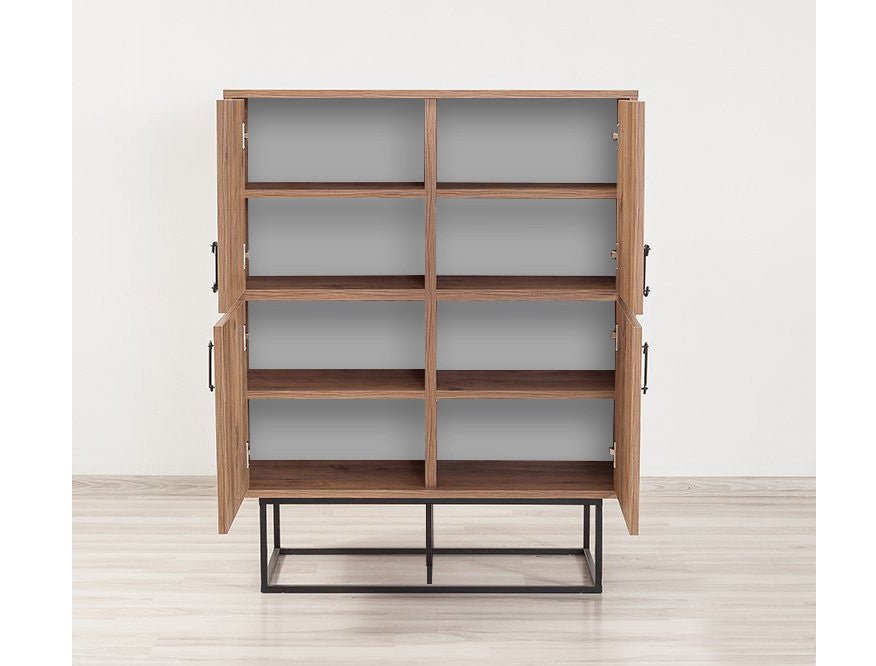 Wall cabinets - Wall cabinet Quantum Solo Atlantic Pine Black Melamine 93x115x36 cm - Dimehouse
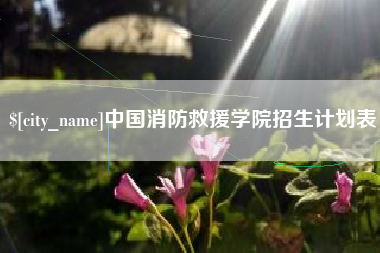 鹿邑中国消防救援学院招生计划表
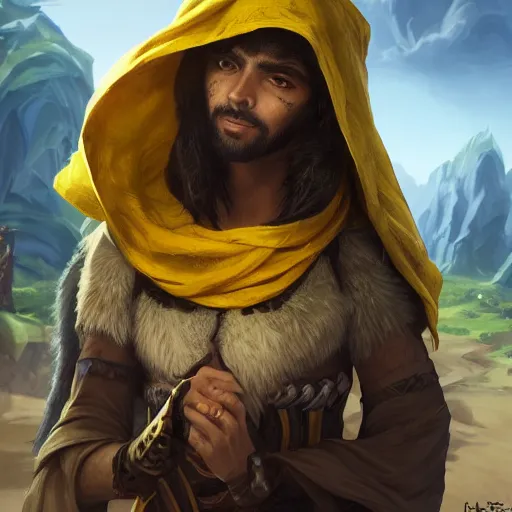 Image similar to portrait of young arabian nomad half wolf, with yellow cloths, league of legends splash art, hearthstone splash art, full body shot, rule of thirds, ultrafine hyperrealistic detailed face, artgerm, greg rutkowski, trending on artstation, 8 k, intricately detailed, highly detailed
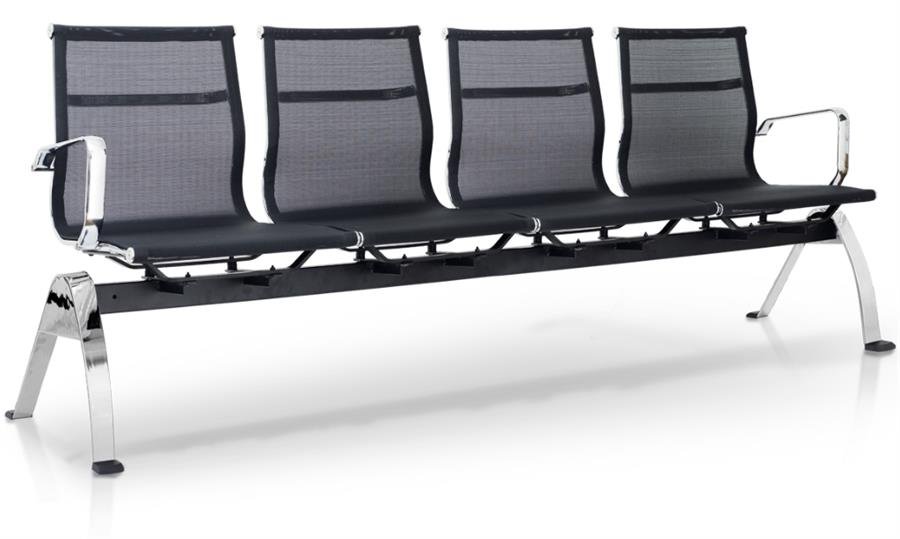 Office Chair LEO-AIR  4 Seat (Black)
# # # # #
Exact repetition of the data is needed, with no images retained.

- **Task response**
 Wall cabinets - Wall cabinet Quantum Solo Atlantic Pine Black Melamine 93x115x36 cm - Dimehouse
 鹿邑中国消防救援学院招生计划表
 Image similar to portrait of young arabian nomad half wolf, with yellow cloths, league of legends splash art, hearthstone splash art, full body shot, rule of thirds, ultrafine hyperrealistic detailed face, artgerm, greg rutkowski, trending on artstation, 8 k, intricately detailed, highly detailed
 Office Chair LEO-AIR  4 Seat (Black)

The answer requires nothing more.